# WHAT YOU SHOULD DO:
Take the line that contains "اینورتر خودرو 150" in the data below and each line after it, through the last, and repeat them unchanged.

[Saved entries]
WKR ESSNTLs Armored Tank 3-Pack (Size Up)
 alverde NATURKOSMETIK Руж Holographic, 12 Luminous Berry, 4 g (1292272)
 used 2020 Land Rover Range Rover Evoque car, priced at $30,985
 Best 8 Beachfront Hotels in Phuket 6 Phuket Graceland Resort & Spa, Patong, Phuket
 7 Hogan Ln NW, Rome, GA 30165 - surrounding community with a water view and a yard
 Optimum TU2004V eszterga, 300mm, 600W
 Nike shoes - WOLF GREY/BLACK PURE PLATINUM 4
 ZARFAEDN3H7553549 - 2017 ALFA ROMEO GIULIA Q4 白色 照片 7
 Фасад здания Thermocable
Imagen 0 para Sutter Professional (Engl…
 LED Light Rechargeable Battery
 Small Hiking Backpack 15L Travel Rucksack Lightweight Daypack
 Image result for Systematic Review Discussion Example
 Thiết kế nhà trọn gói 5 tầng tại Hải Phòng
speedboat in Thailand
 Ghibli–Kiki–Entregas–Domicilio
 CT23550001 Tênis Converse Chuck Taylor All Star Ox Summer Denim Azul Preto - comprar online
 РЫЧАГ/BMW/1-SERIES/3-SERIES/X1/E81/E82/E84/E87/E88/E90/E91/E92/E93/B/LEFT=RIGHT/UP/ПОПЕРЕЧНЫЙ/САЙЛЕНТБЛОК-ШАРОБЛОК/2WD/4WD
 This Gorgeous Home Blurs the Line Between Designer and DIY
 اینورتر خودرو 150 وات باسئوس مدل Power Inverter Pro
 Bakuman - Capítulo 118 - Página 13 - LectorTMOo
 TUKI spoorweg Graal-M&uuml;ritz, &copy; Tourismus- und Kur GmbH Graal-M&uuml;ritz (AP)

# RESPONSE TO THE TASK:
 اینورتر خودرو 150 وات باسئوس مدل Power Inverter Pro
 Bakuman - Capítulo 118 - Página 13 - LectorTMOo
 TUKI spoorweg Graal-M&uuml;ritz, &copy; Tourismus- und Kur GmbH Graal-M&uuml;ritz (AP)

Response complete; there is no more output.